Data for this task:

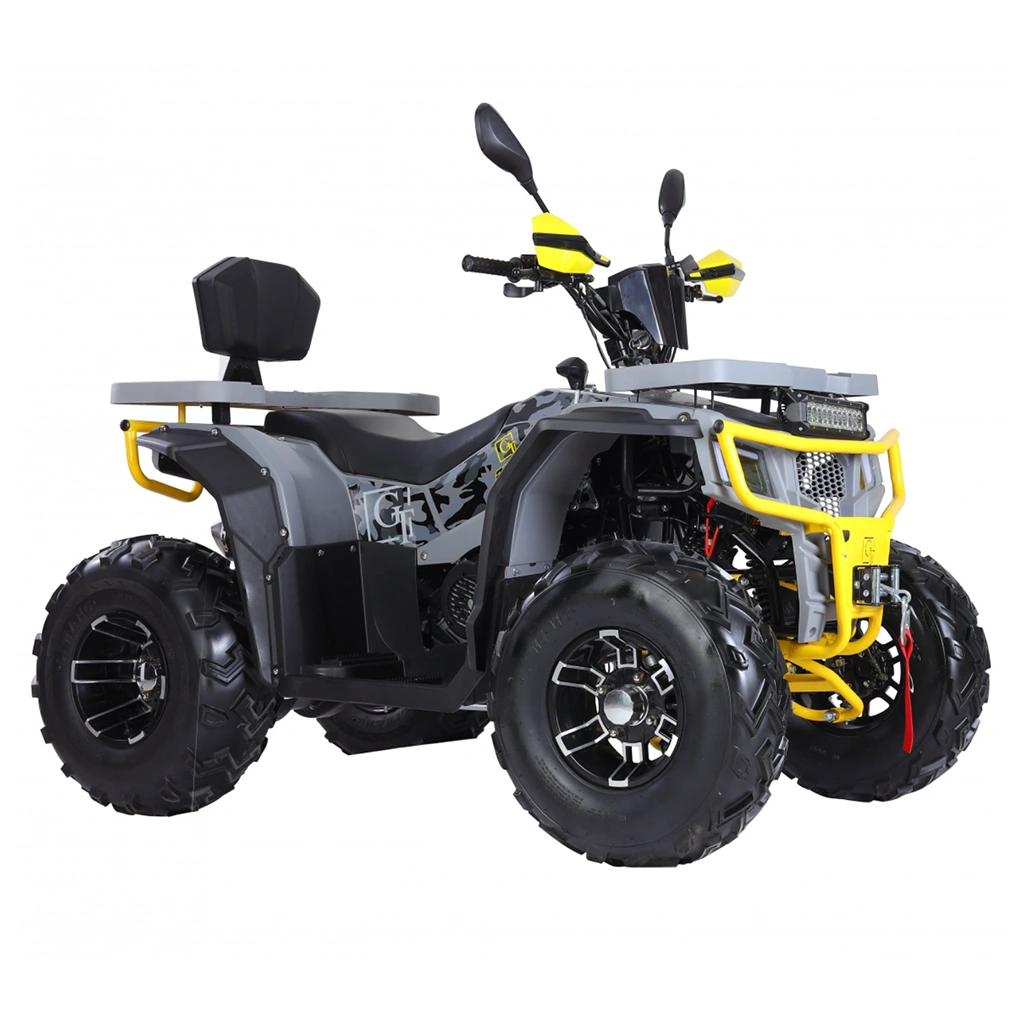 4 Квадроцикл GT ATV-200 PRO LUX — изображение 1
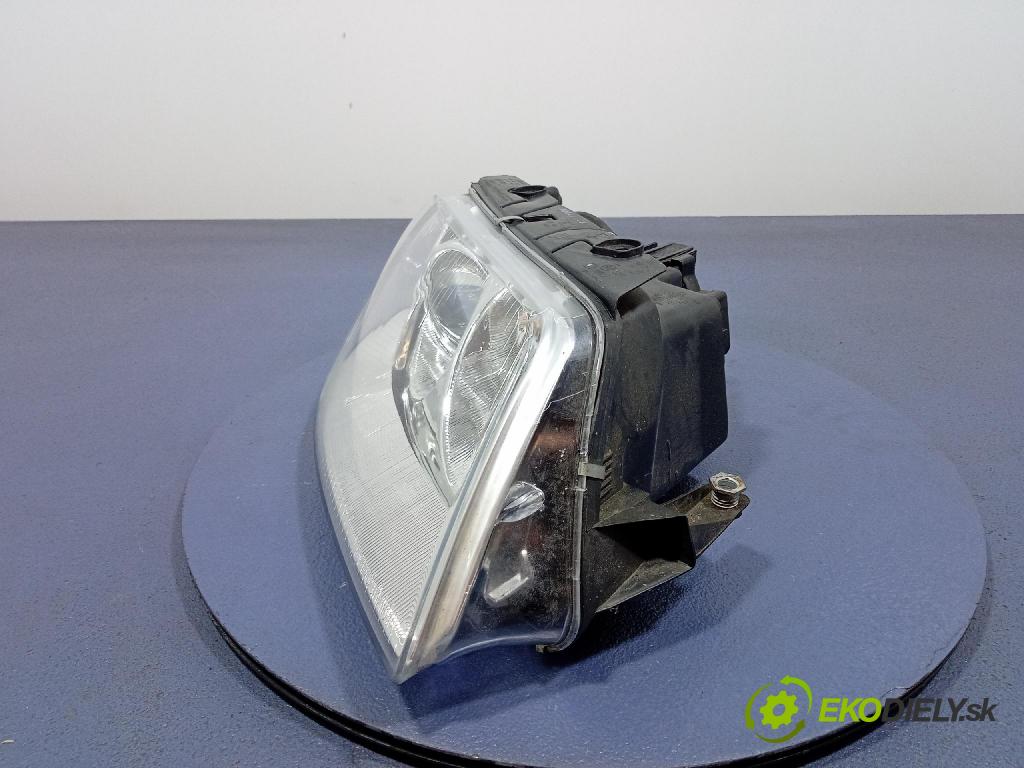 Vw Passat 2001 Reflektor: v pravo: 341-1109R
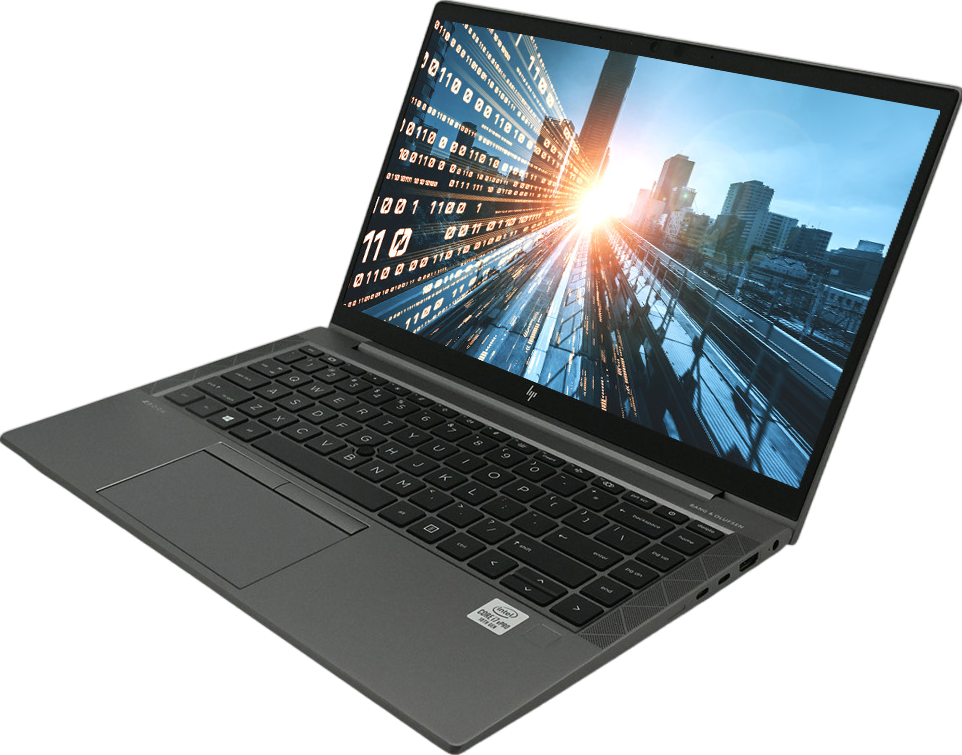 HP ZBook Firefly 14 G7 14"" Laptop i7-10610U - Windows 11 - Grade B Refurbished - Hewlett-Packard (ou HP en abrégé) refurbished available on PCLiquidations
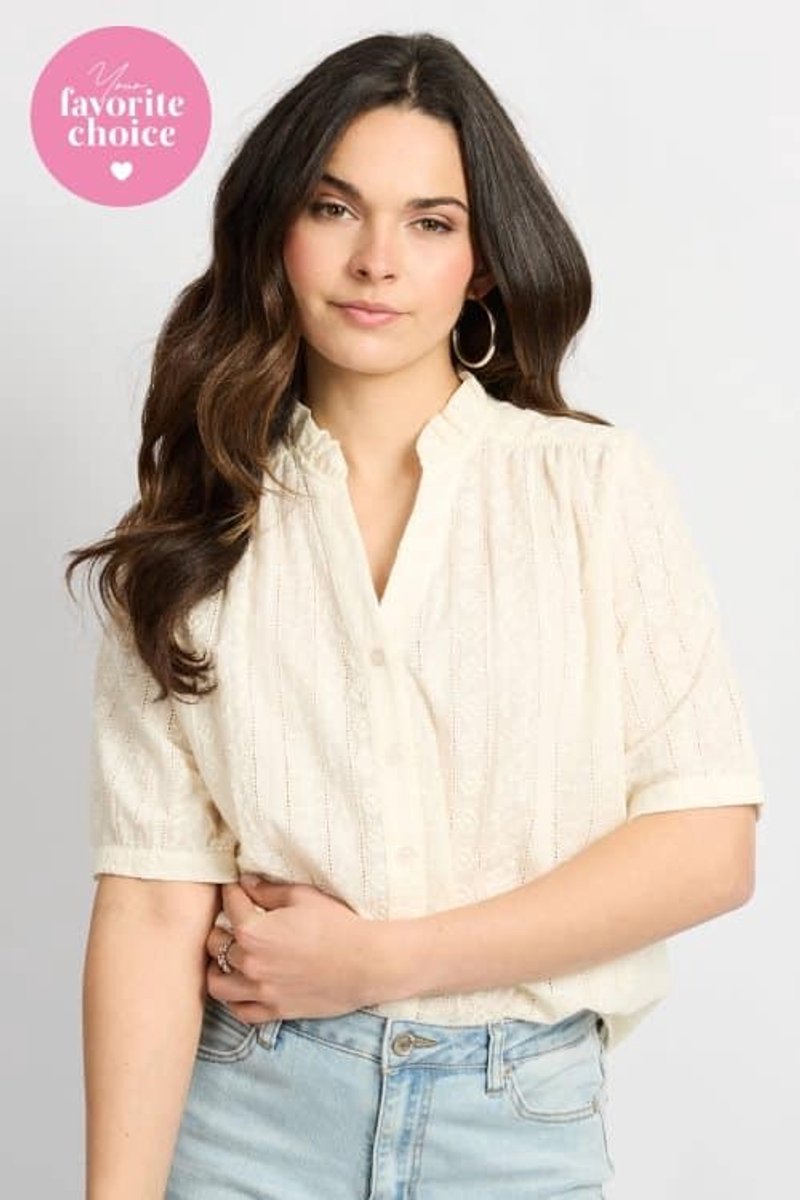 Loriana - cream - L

* * *

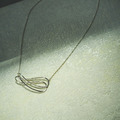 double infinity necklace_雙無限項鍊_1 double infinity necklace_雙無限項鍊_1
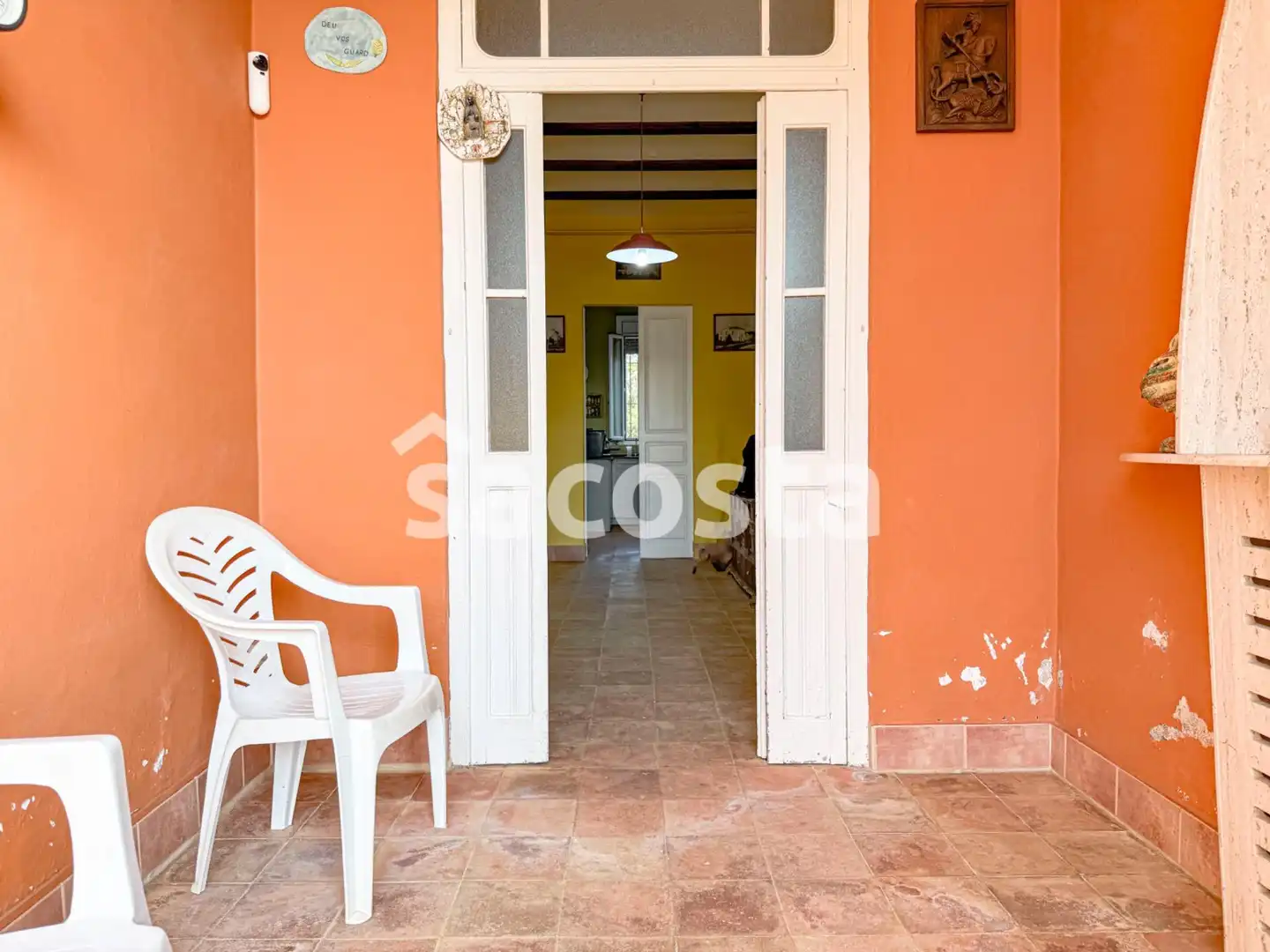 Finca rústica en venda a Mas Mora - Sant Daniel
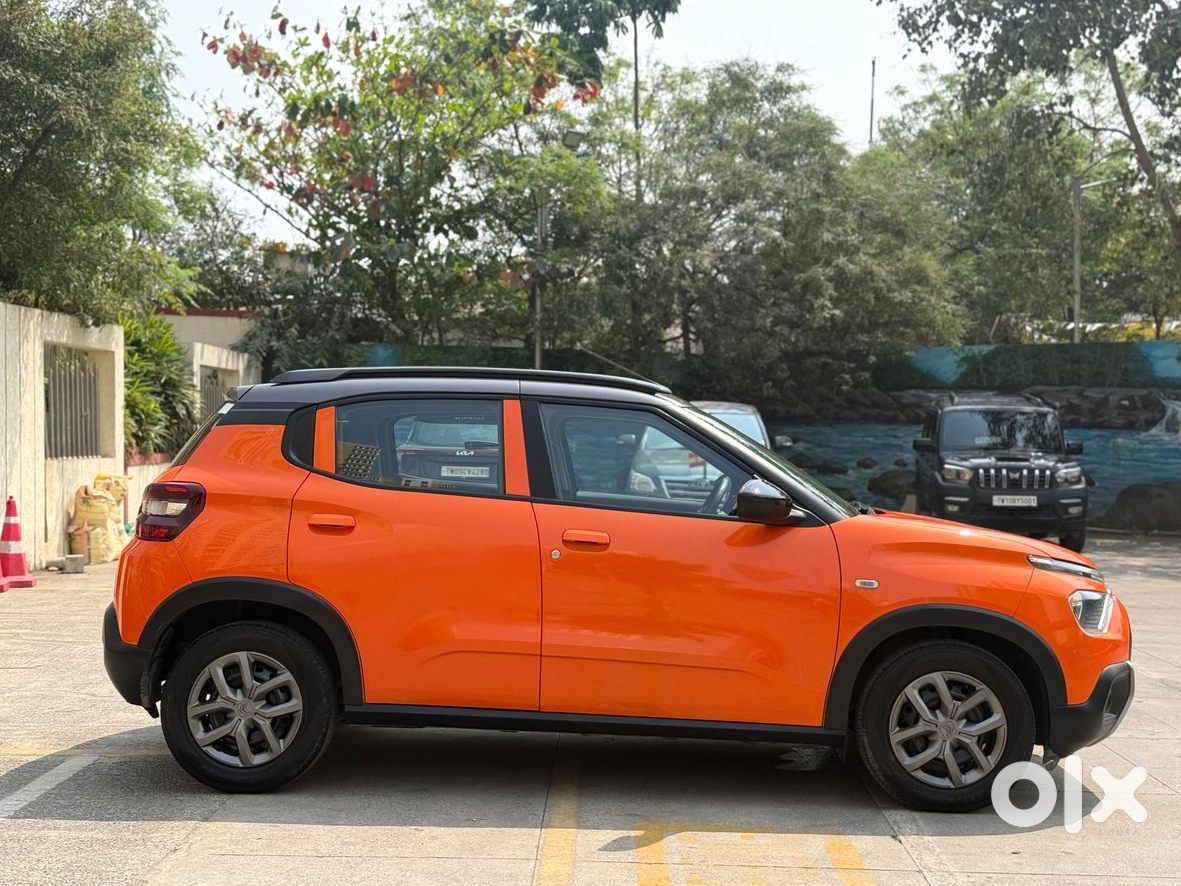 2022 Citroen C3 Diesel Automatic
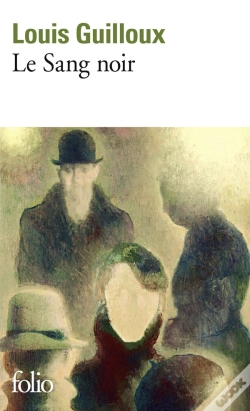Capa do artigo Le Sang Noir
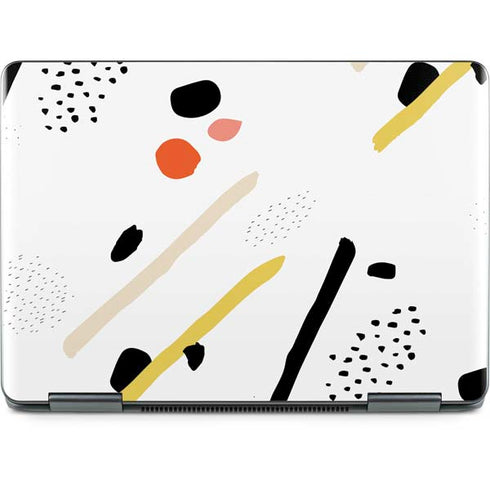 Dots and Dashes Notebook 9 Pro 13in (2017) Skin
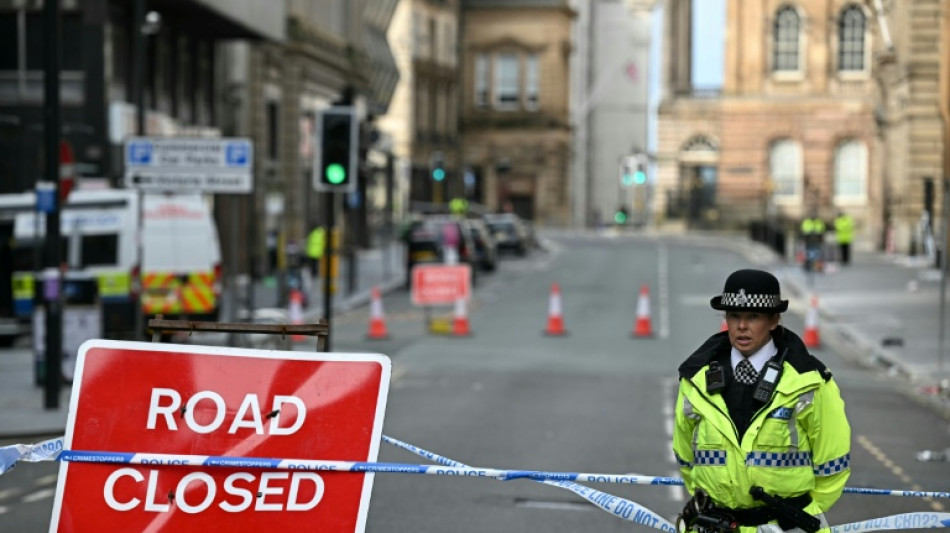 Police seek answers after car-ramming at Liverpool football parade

---

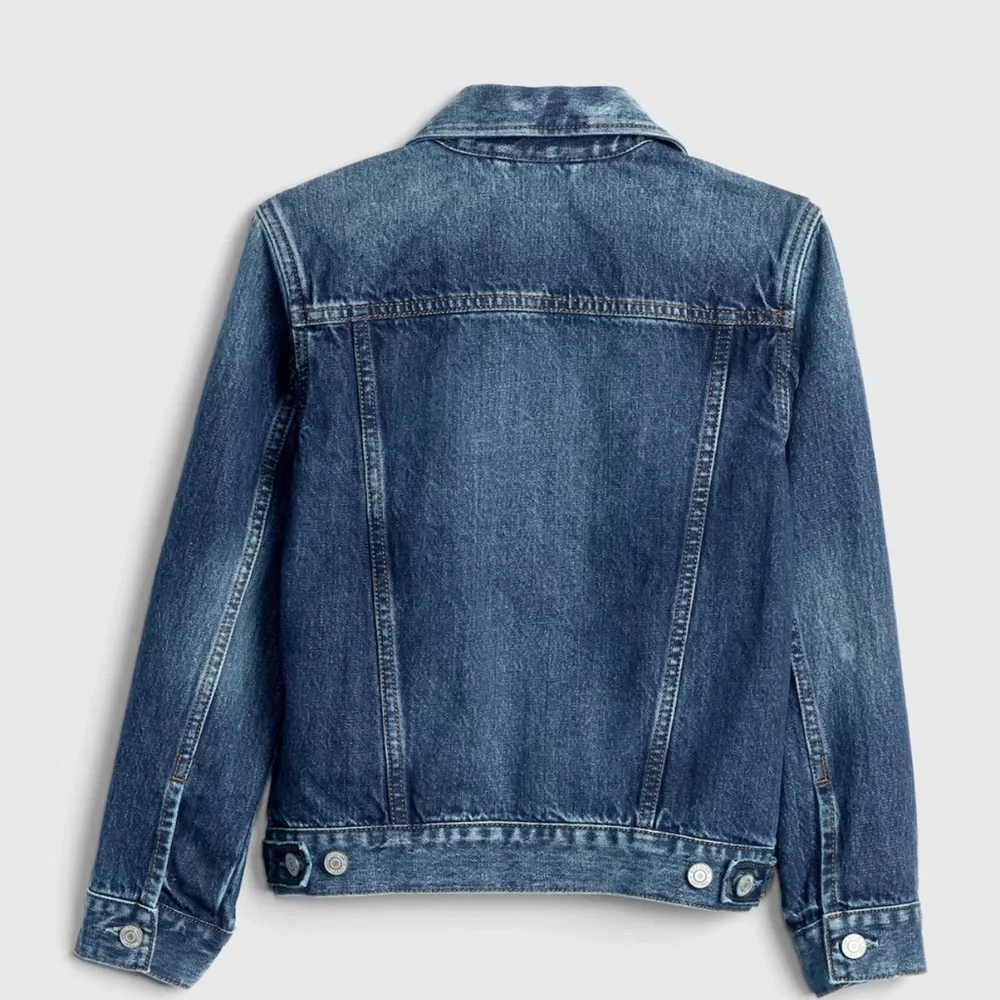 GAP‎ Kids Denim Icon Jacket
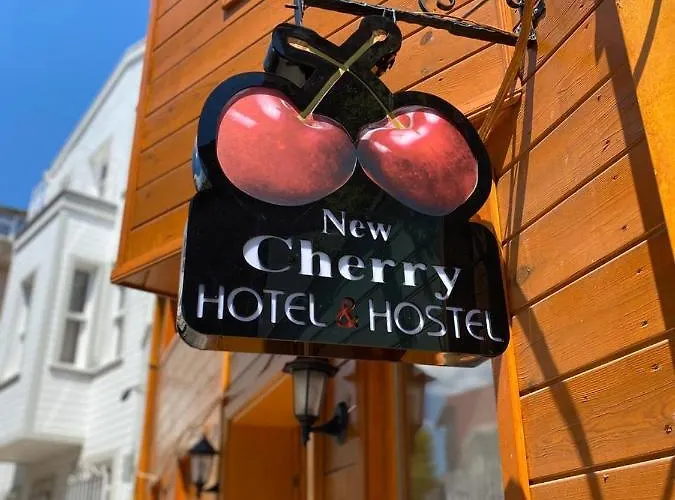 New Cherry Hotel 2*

Exercise description: The reply should hold exactly the lines above, starting at the line with "4 Квадроцикл GT" and ending at the line with "Loriana - cream - L", and no pictures.

The completed task:
 4 Квадроцикл GT ATV-200 PRO LUX — изображение 1
 Vw Passat 2001 Reflektor: v pravo: 341-1109R
 HP ZBook Firefly 14 G7 14"" Laptop i7-10610U - Windows 11 - Grade B Refurbished - Hewlett-Packard (ou HP en abrégé) refurbished available on PCLiquidations
 Loriana - cream - L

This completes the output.